Majority Leader of the Arkansas House of Representatives
- In office January 2005 – January 2007
- Preceded by: Harmon Seawel
- Succeeded by: Steve Harrelson

Member of the Arkansas House of Representatives from the 40th district
- In office January 2003 – January 2007
- Preceded by: Shawn Womack
- Succeeded by: Barry Hyde

Personal details
- Born: October 8, 1969 (age 56) Little Rock, Arkansas, U.S.
- Party: Democratic
- Spouse: Dawn
- Children: 3
- Education: University of Arkansas (BA, JD)

= Jay Martin (lawyer) =

American attorney and politician (born 1969)

Jay C. Martin (born October 8, 1969) is an American attorney and politician who served as a member of the Arkansas House of Representatives for the 40th district from 2003 to 2007. In 2005, Martin served as majority leader of the House.

== Early life and education ==
Martin was born in Little Rock, Arkansas in 1969. Martin had a mentally ill father and was raised in North Little Rock. In 1992, he earned a Bachelor of Arts degree from the University of Arkansas at Little Rock. Four years later, Martin earned Juris Doctor from the University of Arkansas School of Law.

== Career ==
Since 1997, Martin has worked as an attorney at James R. Wallace and Associates. He was elected to the Arkansas House of Representatives in November 2002 and assumed office in January 2003. He left office in 2007. Martin serves as the president of Wallace, Martin Duke & Russell.

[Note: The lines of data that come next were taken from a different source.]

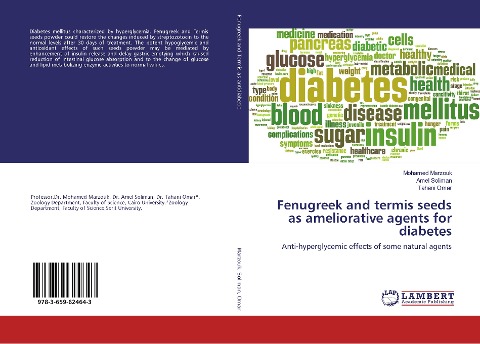 Fenugreek and termis seeds as ameliorative agents for diabetes: Anti-hyperglycemic effects of some natural agents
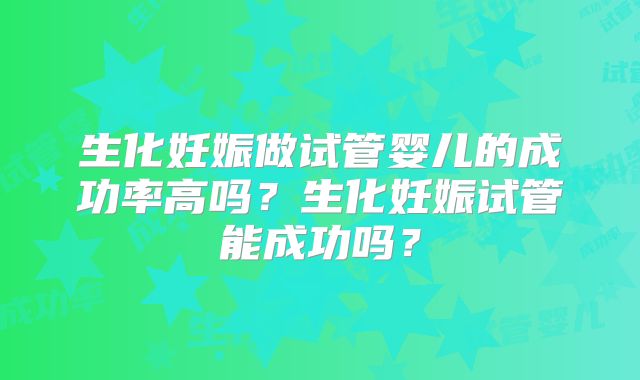 生化妊娠做试管婴儿的成功率高吗？生化妊娠试管能成功吗？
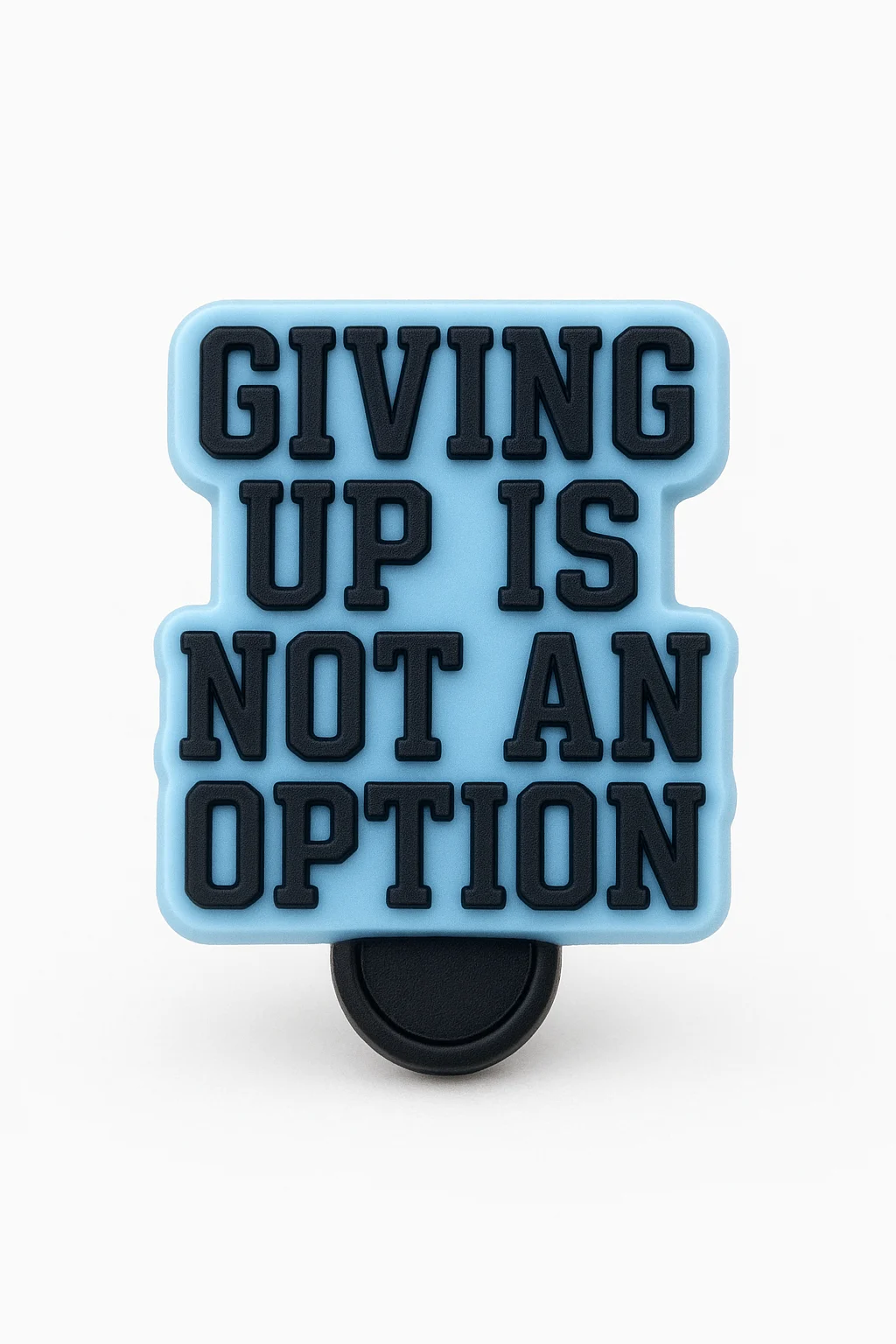 “Giving Up Is Not An Option” Jibbitz-Charms for Crocs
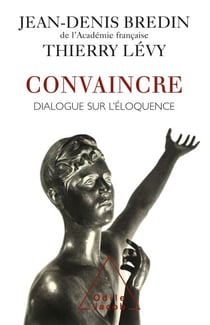 Convaincre - Dialogue sur l’éloquence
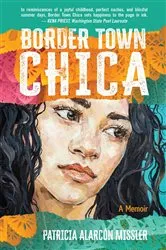 Book cover of Border Town Chica by Patricia Missler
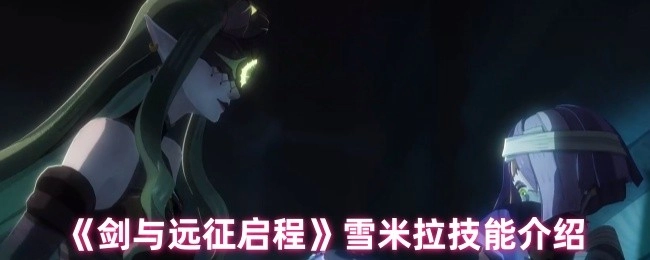 为你介绍《剑与远征启程》中雪米拉的技能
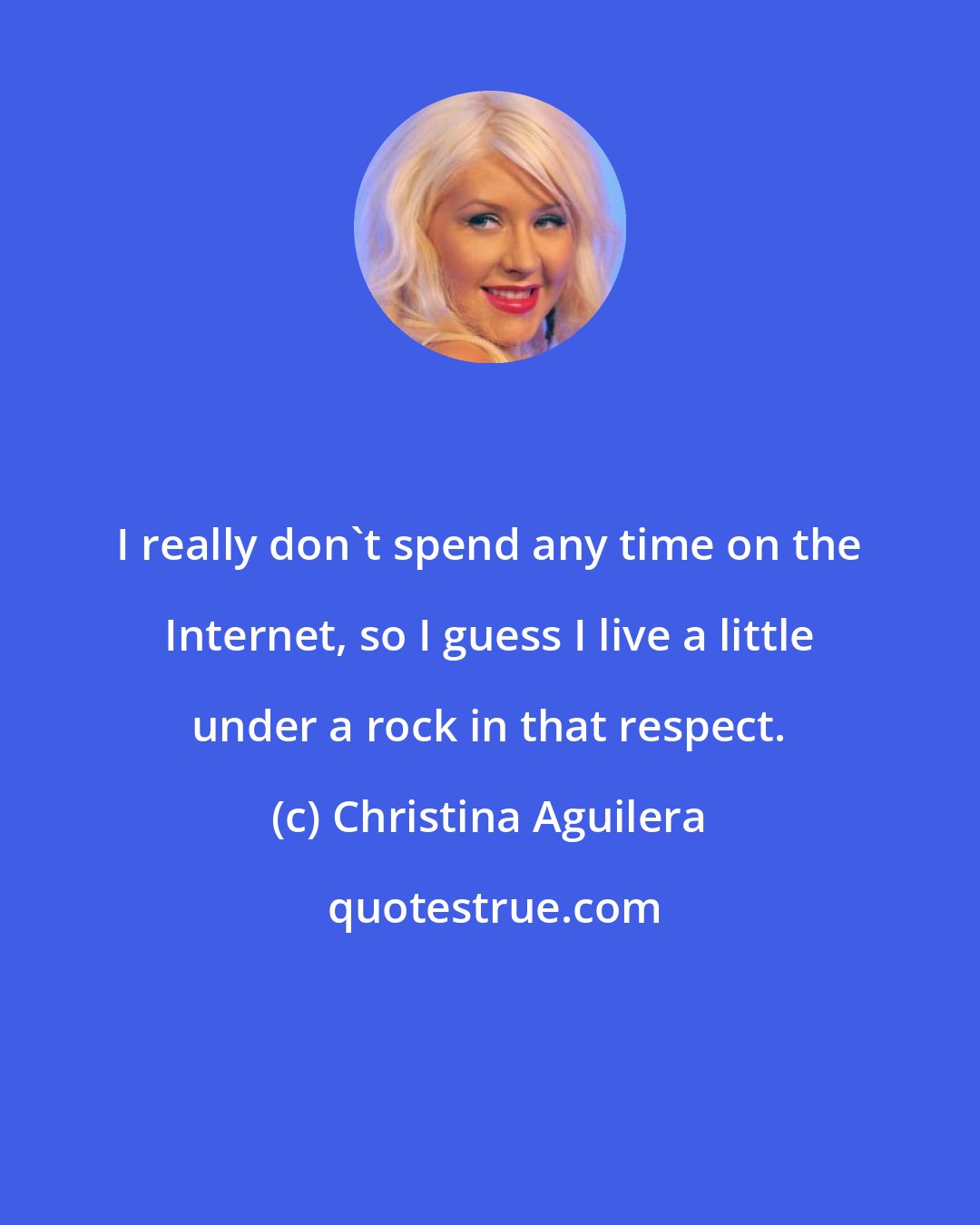 Christina Aguilera: I really don't spend any time on the Internet, so I guess I live a little under a rock in that respect.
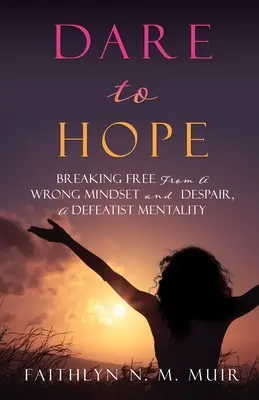 Merjünk reménykedni: Szabaduljunk meg a rossz gondolkodásmódtól és a kétségbeeséstől, a vereségmentalitástól - Dare to Hope: Breaking Free from a Wrong Mindset and Despair, a Defeatist Mentality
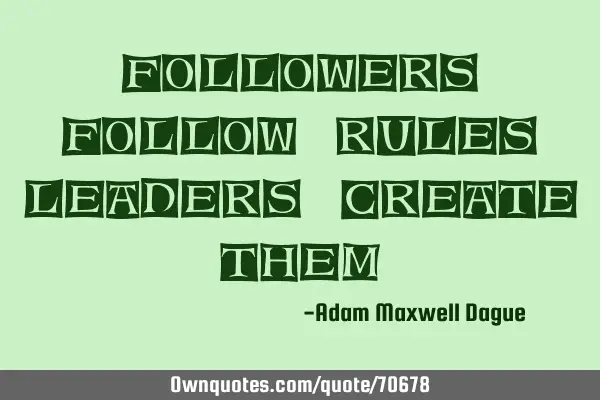 Followers follow rules, leaders create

=== 2022 Arkansas gubernatorial election ===
On February 8, 2022, Martin announced that he would run for governor of Arkansas in the 2022 Arkansas gubernatorial election. Martin campaigned as a pro-life Democrat. He lost a primary to Chris Jones. In 2024, he sought the position of Chief Justice in the nonpartisan judicial primary, but was eliminated in the first primary.

== Personal life ==
Martin and his wife, Dawn, have three children. He is an ordained minister of the Assemblies of God.